Sir, – While the All Blacks can choose to greet opponents as they wish on their own territory, they have no right to express their contempt, as they so obviously do, in performing the haka on visiting other countries.
As long as this inappropriate charade continues to be accepted by the IRFU and other host unions, Alexis Neeson’s suggestion that it be ignored is valid (November 19th) but does not answer the provocation. An appropriate response by Irish supporters would be to sing Amhrán na bhFiann and drown out the haka.
All other European rugby nations have similarly patriotic anthems which could be effectively employed, even if they have been “officially” sung moments before. – Yours, etc,
RORY O’GRADY,
Olcovar,
Shankill, Co Dublin.
Sir, – The late esteemed educator James J Carey would assuredly have expressed displeasure that the classroom profile of Socrates (Education, November 19th), offers students the off-key pronunciation “Sock-rah-tays”. In his scholarly and refined way he drew deviant O’Connell Schools’ pupils to the proper style in a short rhyming verse that ended “. . . and all of these”. So for next print-off, just as in Herculees, it’s Socratees, if you please. – Yours, etc,
OWEN MORTON,
Station Road,
Sir, –Niall Gillespie’s criticism of an Garda Síochána for doing their job (November 18th) is unwarranted. The issue of begging, drug abuse and alcohol consumption in the public domain is a problem pedestrians have to face at all hours in Dublin city centre. Many of them are intimidated, particularly at ATMs.

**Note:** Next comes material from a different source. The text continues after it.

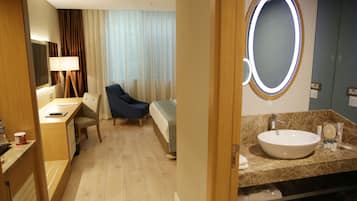 Habitació d'hotel amb llit, escriptori, cadira, un gran mirall i bany amb rentapel i productes de tocador.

While this is not unique to our wonderful capital, I have just returned from short visits to Melbourne and Sydney, Australia where I enjoyed the cafe culture, spotless streets and boardwalks. The contrast between this and O’Connell Street and the Liffey boardwalks could not be starker.
The answer to the problem lies with politicians who need to provide the legislation to allow the Garda to get tough with this antisocial behaviour and manage this growing problem. – Yours, etc,
IAN DUFFY,
Ballygoran View,
Celbridge,
A chara, – The revelation by Data Protection Commissioner Billy Hawkes (Home News, November 13th) that Loyaltybuild stored customer information in unencrypted form beggars belief.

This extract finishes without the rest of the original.